Record excerpts:

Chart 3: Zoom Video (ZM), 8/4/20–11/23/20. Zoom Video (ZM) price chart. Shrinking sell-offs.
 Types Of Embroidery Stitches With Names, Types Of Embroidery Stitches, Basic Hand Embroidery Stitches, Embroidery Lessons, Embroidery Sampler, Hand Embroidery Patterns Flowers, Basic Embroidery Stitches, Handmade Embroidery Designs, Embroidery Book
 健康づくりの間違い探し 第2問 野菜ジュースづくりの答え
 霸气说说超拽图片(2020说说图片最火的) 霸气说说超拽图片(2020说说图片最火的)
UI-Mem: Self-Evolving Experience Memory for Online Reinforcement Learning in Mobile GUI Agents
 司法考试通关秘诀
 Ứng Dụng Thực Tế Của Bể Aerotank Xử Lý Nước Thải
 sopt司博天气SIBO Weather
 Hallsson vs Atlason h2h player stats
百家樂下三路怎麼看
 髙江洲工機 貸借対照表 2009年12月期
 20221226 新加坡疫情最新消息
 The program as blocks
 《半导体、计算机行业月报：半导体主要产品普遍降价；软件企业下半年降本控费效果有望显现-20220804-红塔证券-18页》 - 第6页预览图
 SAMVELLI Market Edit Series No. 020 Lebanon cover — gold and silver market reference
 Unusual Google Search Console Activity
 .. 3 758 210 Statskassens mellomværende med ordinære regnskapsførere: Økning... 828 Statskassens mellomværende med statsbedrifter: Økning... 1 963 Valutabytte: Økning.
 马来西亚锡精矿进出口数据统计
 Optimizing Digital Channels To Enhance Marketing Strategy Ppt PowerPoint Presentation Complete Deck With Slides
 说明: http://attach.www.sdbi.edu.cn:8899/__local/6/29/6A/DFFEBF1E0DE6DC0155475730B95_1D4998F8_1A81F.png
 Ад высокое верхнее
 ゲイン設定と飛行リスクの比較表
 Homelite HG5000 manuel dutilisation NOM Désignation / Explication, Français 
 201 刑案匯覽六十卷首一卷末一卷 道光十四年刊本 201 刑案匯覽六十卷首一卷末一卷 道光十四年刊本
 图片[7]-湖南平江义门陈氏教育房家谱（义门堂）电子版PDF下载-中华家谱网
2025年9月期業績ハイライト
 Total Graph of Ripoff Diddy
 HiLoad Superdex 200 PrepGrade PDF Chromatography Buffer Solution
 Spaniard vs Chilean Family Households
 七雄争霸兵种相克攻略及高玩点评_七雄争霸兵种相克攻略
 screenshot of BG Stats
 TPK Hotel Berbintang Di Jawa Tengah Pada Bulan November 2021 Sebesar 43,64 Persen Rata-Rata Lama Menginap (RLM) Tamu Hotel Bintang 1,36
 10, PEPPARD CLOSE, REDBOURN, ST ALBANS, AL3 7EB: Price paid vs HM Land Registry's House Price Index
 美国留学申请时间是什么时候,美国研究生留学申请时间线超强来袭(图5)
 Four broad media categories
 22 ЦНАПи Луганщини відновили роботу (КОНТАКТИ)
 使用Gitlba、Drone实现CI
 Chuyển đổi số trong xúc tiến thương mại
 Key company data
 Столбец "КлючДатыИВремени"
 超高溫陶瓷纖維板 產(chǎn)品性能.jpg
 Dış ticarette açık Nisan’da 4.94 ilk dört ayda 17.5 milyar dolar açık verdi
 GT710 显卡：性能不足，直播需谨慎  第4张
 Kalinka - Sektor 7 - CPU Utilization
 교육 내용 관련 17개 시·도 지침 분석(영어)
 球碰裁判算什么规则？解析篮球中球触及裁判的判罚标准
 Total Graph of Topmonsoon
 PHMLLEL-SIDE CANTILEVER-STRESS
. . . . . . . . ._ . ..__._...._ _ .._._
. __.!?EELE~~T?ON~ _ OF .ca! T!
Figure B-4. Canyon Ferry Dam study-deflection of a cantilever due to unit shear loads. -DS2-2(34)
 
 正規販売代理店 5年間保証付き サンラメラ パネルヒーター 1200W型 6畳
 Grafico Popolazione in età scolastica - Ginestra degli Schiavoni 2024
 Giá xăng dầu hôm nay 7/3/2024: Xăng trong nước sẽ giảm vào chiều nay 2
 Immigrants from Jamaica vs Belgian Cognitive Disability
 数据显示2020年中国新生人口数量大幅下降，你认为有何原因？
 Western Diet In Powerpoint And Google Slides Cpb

Activity: What you return should be the lines from the start of the data through the line with "健康づくりの間違い探し 第2問 野菜ジュースづくりの答え", quoted exactly and nothing more.

Solution:
Chart 3: Zoom Video (ZM), 8/4/20–11/23/20. Zoom Video (ZM) price chart. Shrinking sell-offs.
 Types Of Embroidery Stitches With Names, Types Of Embroidery Stitches, Basic Hand Embroidery Stitches, Embroidery Lessons, Embroidery Sampler, Hand Embroidery Patterns Flowers, Basic Embroidery Stitches, Handmade Embroidery Designs, Embroidery Book
 健康づくりの間違い探し 第2問 野菜ジュースづくりの答え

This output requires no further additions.